Methods: The feasibility test of Support4Families occurred with 60 family members of loved ones releasing from incarceration. Data were collected on fidelity of implementation, family member satisfaction, interventionists responses, family histories (e.g., trauma, incarceration, quality of familial relationships, employment and other community stability factors), preliminary outcomes of knowledge and skill development, and recommended changes to the curriculum. The pilot test of Support4Families was conducted with an additional 60 family members and collected data on changes in knowledge, skills, and familial relationships pre and post intervention.

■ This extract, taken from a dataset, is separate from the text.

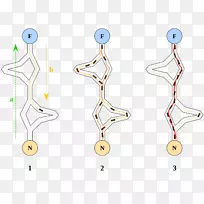 蚁群优化算法数学优化-空若网 蚁群优化算法数学优化-空若网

Results: Family members were highly invested and engaged in the intervention. They reported appreciating the support of other family members going through the same experience as them. They expressed experiencing a reentry transition similar to their incarcerated loved ones experiencing a transition. Participants were satisfied and made recommendations for ways to improve the program. Finding time to practice and implement the skills learned was a concern. Results show there were positive changes in knowledge and skills; and slight changes on familial relationships.

Implications: Support4Families was designed to be responsive to the idea that incarceration is experienced by the family unit – children, siblings, parents, partners, and other loved ones. And, although the family unit bears a significant burden of the support needs of individuals, little attention is given to providing support or guidance to the family unit. Support4Families is a promising intervention because it deviates from case management approaches that have been tried in existing family-oriented reentry interventions and program content was designed based on feedback from the family members of individuals with incarceration histories. As such, Support4Families seeks to build the resources within the family unit in a way that is manageable, realistic, and creates long term resilience for families and their loved ones with incarceration histories. Early results are promising and the need for a broad intervention research agenda in this area is evident.